Regarding the triggering and exposure time:

  1. Triggering
    The example here is quite silly and will only work for very short exposure times. If you trigger too quickly you will “overtrigger” the camera and probably loose a frame. Thus you should wait inbetween two triggers (at least for the exposure time).

  2. Exposure Time
    If you want to control the acquisition sequence as you described you can do it like this:

    1. set the exposure time for the first frame
    2. send the software trigger
    3. wait at least as long as the exposure time is
    4. set the exposure time for the second frame
    5. send the software trigger
    6. depending on your acquisition logic you can wait here as long as the second exposure time is or sync to your save handling.

    With this approach you can set the exposure time for each frame and avoid overtriggering you device.

  3. The RingBuffer
    The RingBuffer and the camera are two different entities. They both run in parallel completely independent of each other (they are in two different devices: the camera and your PC). If you send a software trigger you simply tell the camera to take a picture and send it to you. If the acquisition engine is active and the RingBuffer has space left it will store that picture until you collect it via the .Wait function. The .Wait won’t collect the data; it just syncs to the next acquired image. The acquisition handling collects the incoming images in parallel to your application code.

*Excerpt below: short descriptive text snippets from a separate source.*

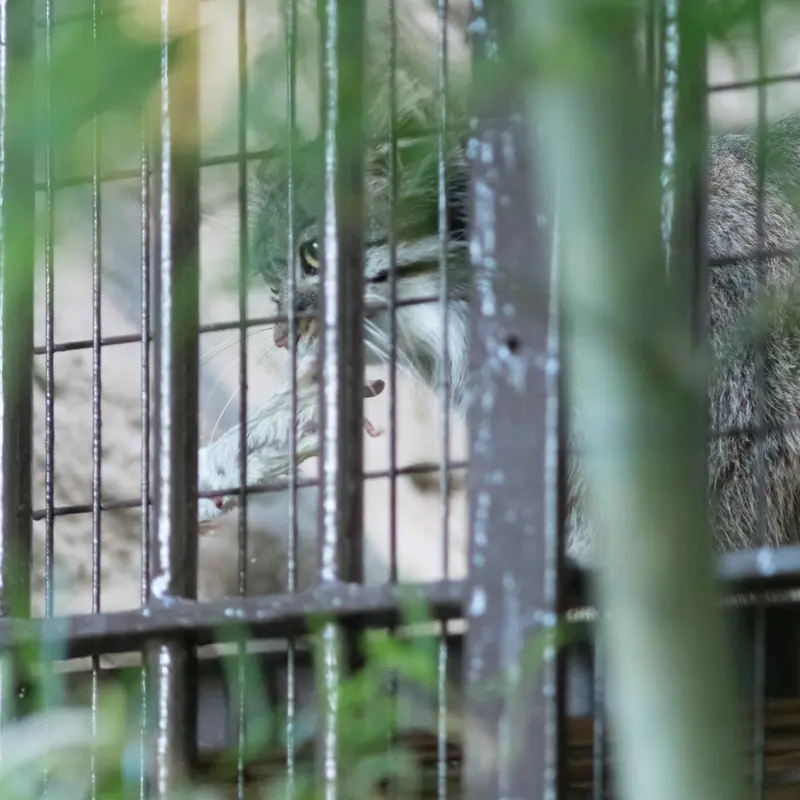 野毛山動物園のフィーガの写真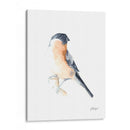 Acuarela Songbirds V - Ethan Harper | Cuadro decorativo de Canvas Lab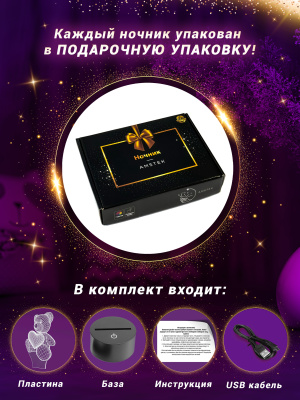 3D ночник Влюбленные на луне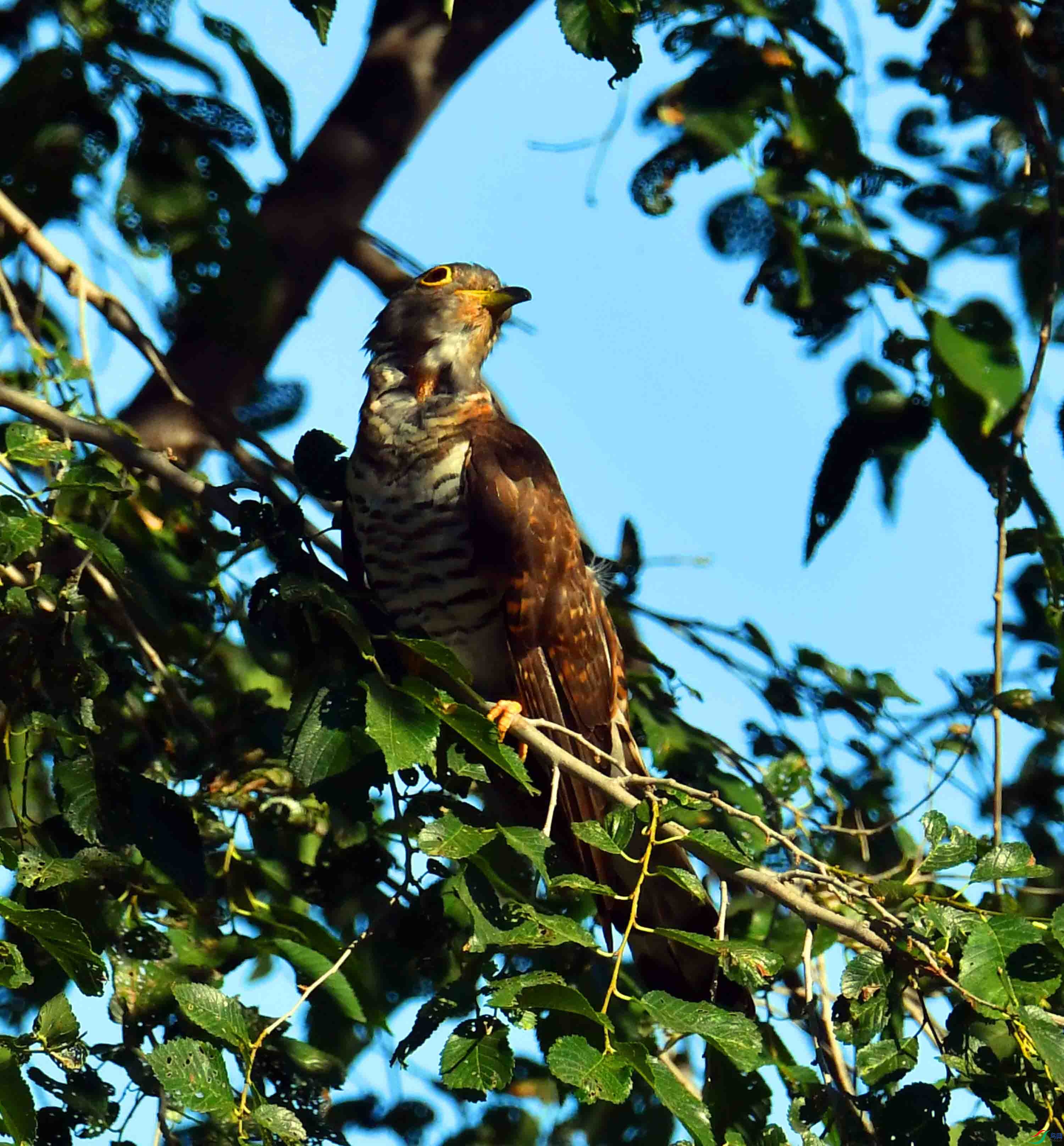 DSC_7953.JPG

To sum up: in 2. I only described camera setup/communication. I also would rename the .SendSoftwareTrigger method to something along .SendAcquisitionSequence. Perhaps you even find a better name :slight_smile:. The acquisition handling on the receiving end doesn’t change at all. We simply get two images. You need to change your timeout settings, though, if you use differing exposure times. I would suggest using the short exposure time first as this makes cancelling your acquisition code faster.

I hope that makes whats happening between the camera and your software clearer.